Forgot Password?

DATA MINING FOR BEGINNERS - XLMiner

This tutorial aims to introduce the practical aspects of data mining to beginners. It is assumed that the reader is aware of the very basic techniques of data mining – at least, theoretically. At the end of this tutorial, the reader will be aware of the basic procedures of data mining in XLMiner – an add-in for MS Excel.

What is Data Mining?

Definition: Data Mining (DM) is the extraction of hidden, predictive information patterns from large databases.

Data Mining is especially useful now-a-days when there is massive amount of data and identifying the useful portions of it can be a tedious job in itself. DM allows us to be proactive about situations rather than retrospective – this means that we can now try and predict the future trends rather than identifying them after they have already taken place.

Where should my experience with DM start?

For a newbie, all the DM techniques – though very easy to understand theoretically – can be quite baffling practically. You might think that the question – “So where do I DO Data Mining?” is very illogical, but in fact, it is a very good one. So how and where should your first encounter with DM be?
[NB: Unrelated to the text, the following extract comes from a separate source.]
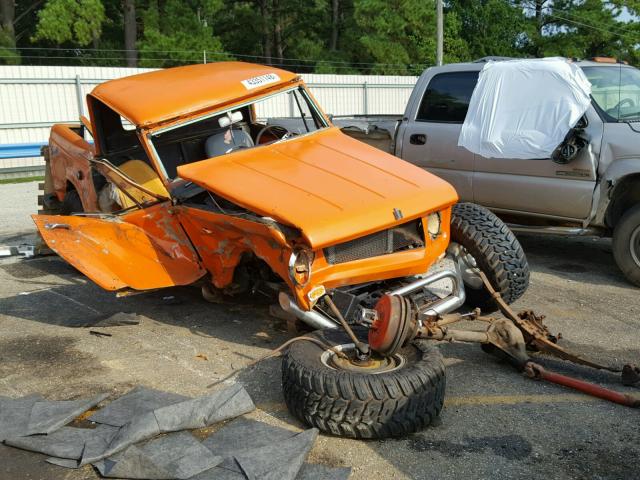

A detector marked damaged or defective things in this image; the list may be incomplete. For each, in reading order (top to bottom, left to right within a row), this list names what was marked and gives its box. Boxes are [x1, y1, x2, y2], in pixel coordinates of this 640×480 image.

The answer is astonishingly simple. I bet that you have Microsoft Office on your system. MS Excel is the perfect place to wet your feet as far as DM is concerned. Excel is a very under-estimated application. People just think that it is a spreadsheet and that it does some math using macros. However, there is an add-in available for MS Excel that allows us to perform Data Mining on the data sets. This add-in is called XLMiner.

http://www.resample.com/xlminer/images/xl_miner_logo.gif
Data Mining Add-In For Excel

 

XLMiner has been developed by Resampling Stats. Inc. Resampling Stats is located in Arlington, Virginia, USA. In the summer of 2006 it was merged into statistics.com , LLC. It usually makes and markets software that are related to statistics.

XLMiner is marketed by Cytel Inc which also deals in statistical software
A 30-day free evaluation copy of XLMiner can be downloaded from
http://www.resample.com/xlminer/download.shtml

XLMiner – an Introduction

XLMiner is the only tool in Excel to do data mining – it includes capabilities that allow a miner to work with partitioning, neural networks, classification and regression trees, association rules, nearest neighbours, etc. Moreover, it is an excellent DM “get started” tool. It can be called a Business Intelligence tool.
XLMiner provides solutions that are statistical as well as machine learning oriented. Hence, there are numerous ways to try to solve a problem and it is the task of a miner to determine which method would be most appropriate to his problem.

Capabilities of XLMiner

XLMiners offers the following capabilities.

Partitioning: -

As the name suggests, partitioning means dividing the data into partitions that do not overlap. To mine a large data base, it is divided into three partitions: training, validation and test.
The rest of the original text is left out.